• Required action: An exact reproduction of the records is required. Images must be left out.

[Records provided — start]

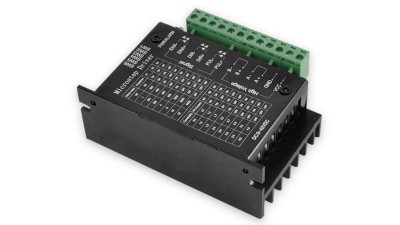 Драйвер крокового двигуна TB6600 42V 4A (10657)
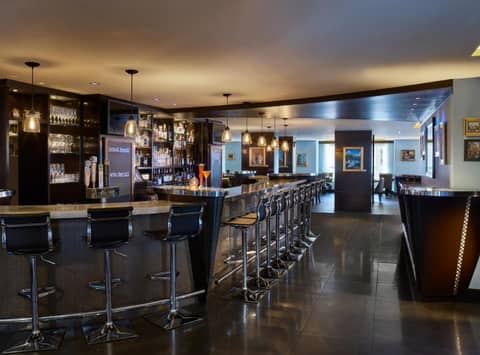 Battery Wharf Hotel, Boston Waterfront — photo 8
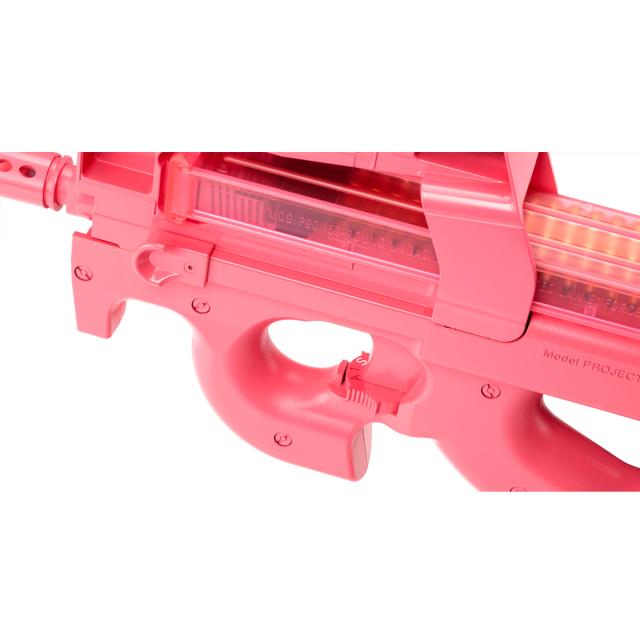 東京マルイ P-90プラス バージョン・レン 電動ガンプラス(対象
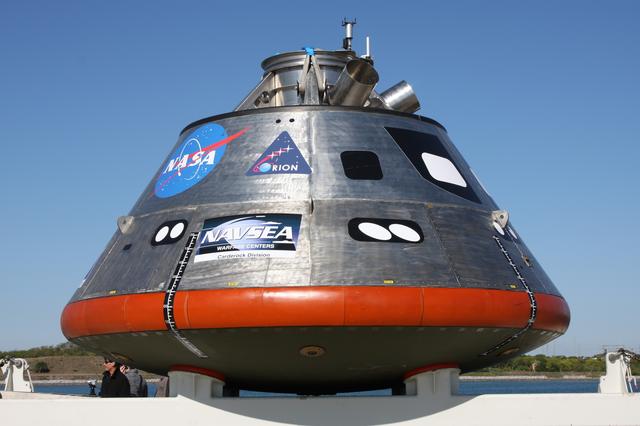 NASA image: KSC-2009-2550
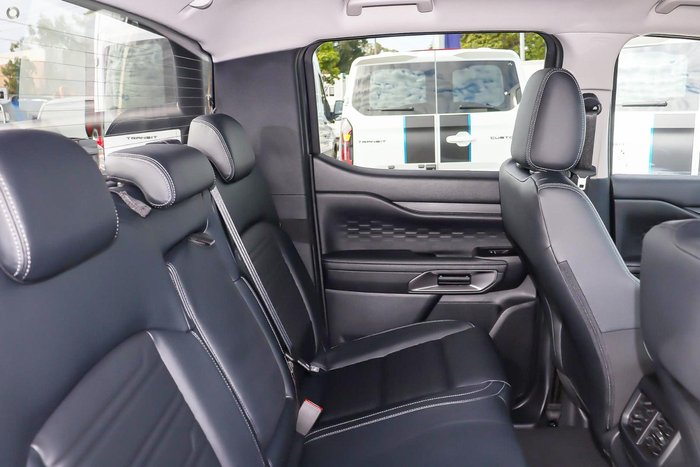 2025 Ford Ranger Sport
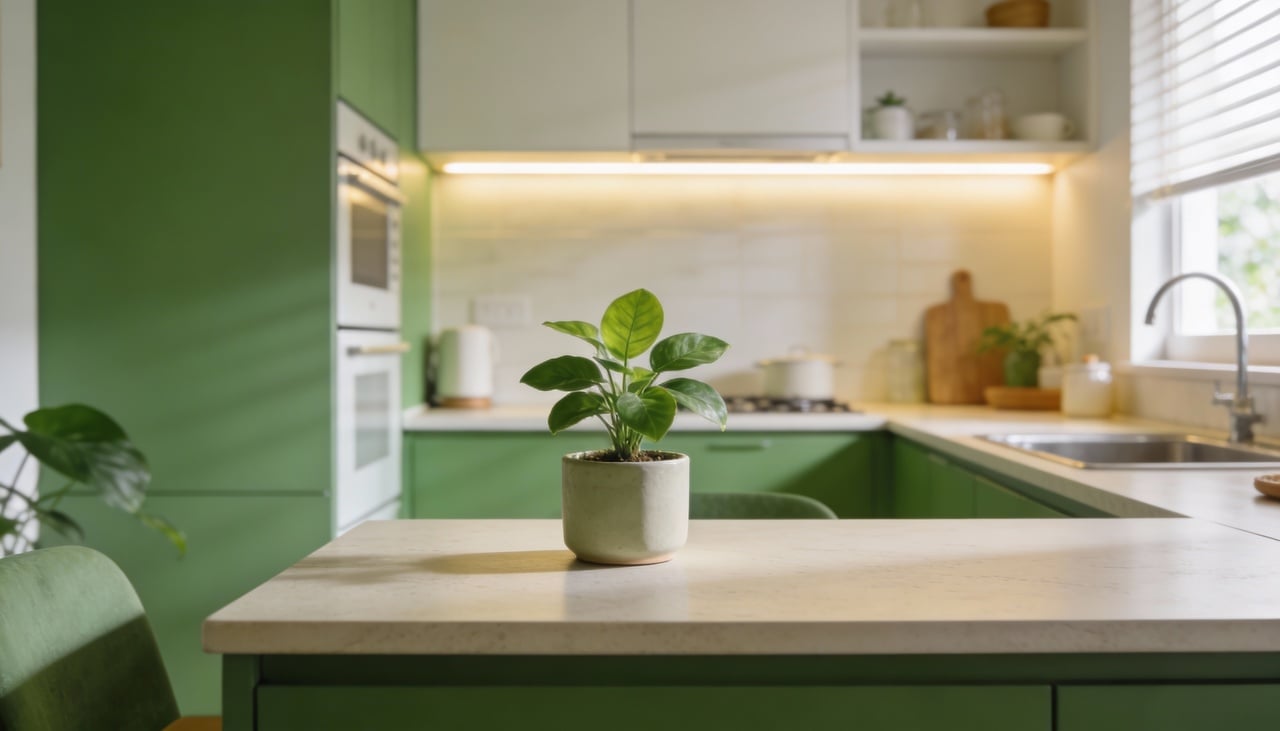 A escolha correta de plantas de interior pequenas depende muito mais das condições específicas de iluminação natural disponível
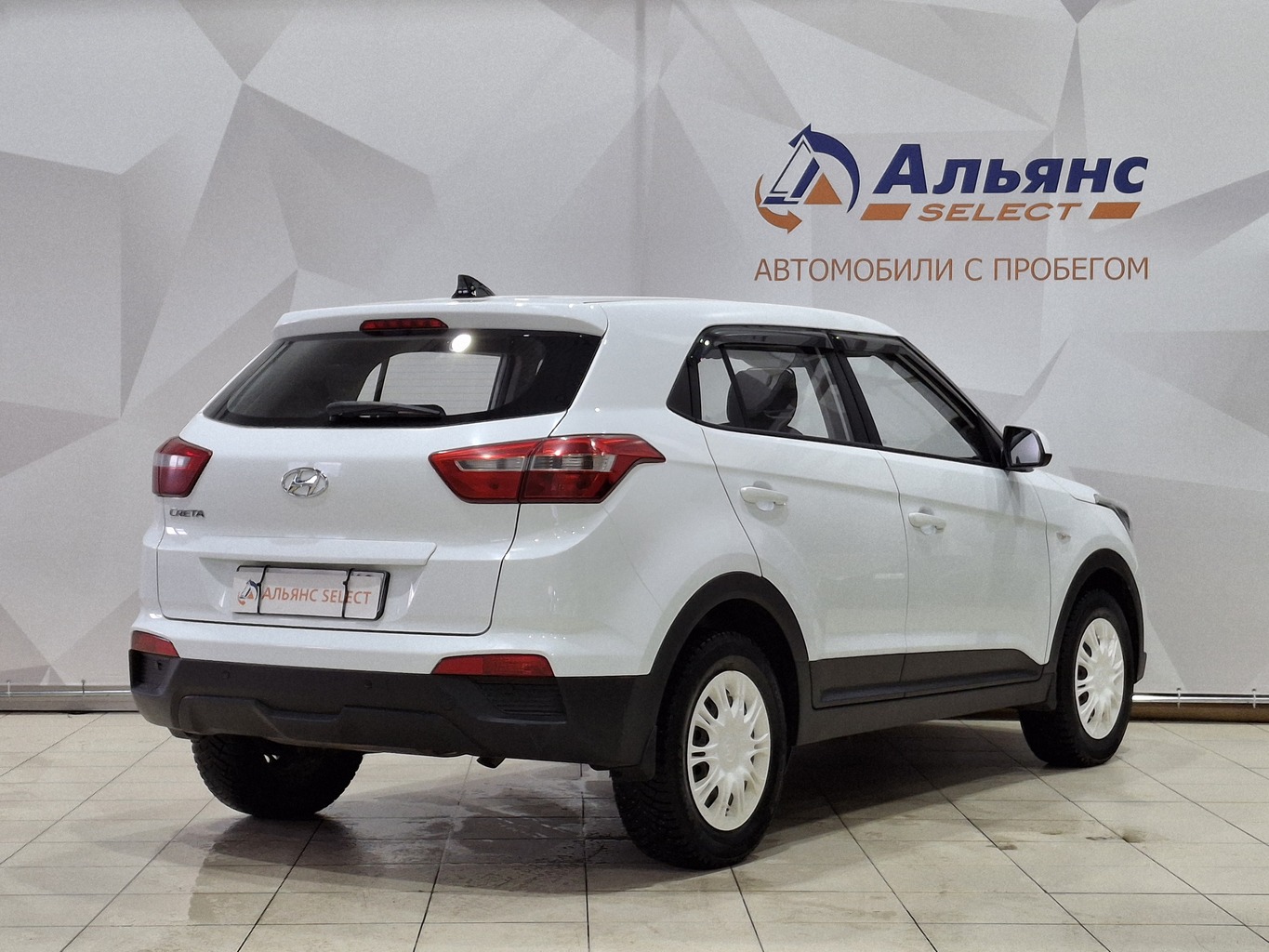 HYUNDAI CRETA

[Records provided — finish]

• Response to the task:
 Драйвер крокового двигуна TB6600 42V 4A (10657)
 Battery Wharf Hotel, Boston Waterfront — photo 8
 東京マルイ P-90プラス バージョン・レン 電動ガンプラス(対象
 NASA image: KSC-2009-2550
 2025 Ford Ranger Sport
 A escolha correta de plantas de interior pequenas depende muito mais das condições específicas de iluminação natural disponível
 HYUNDAI CRETA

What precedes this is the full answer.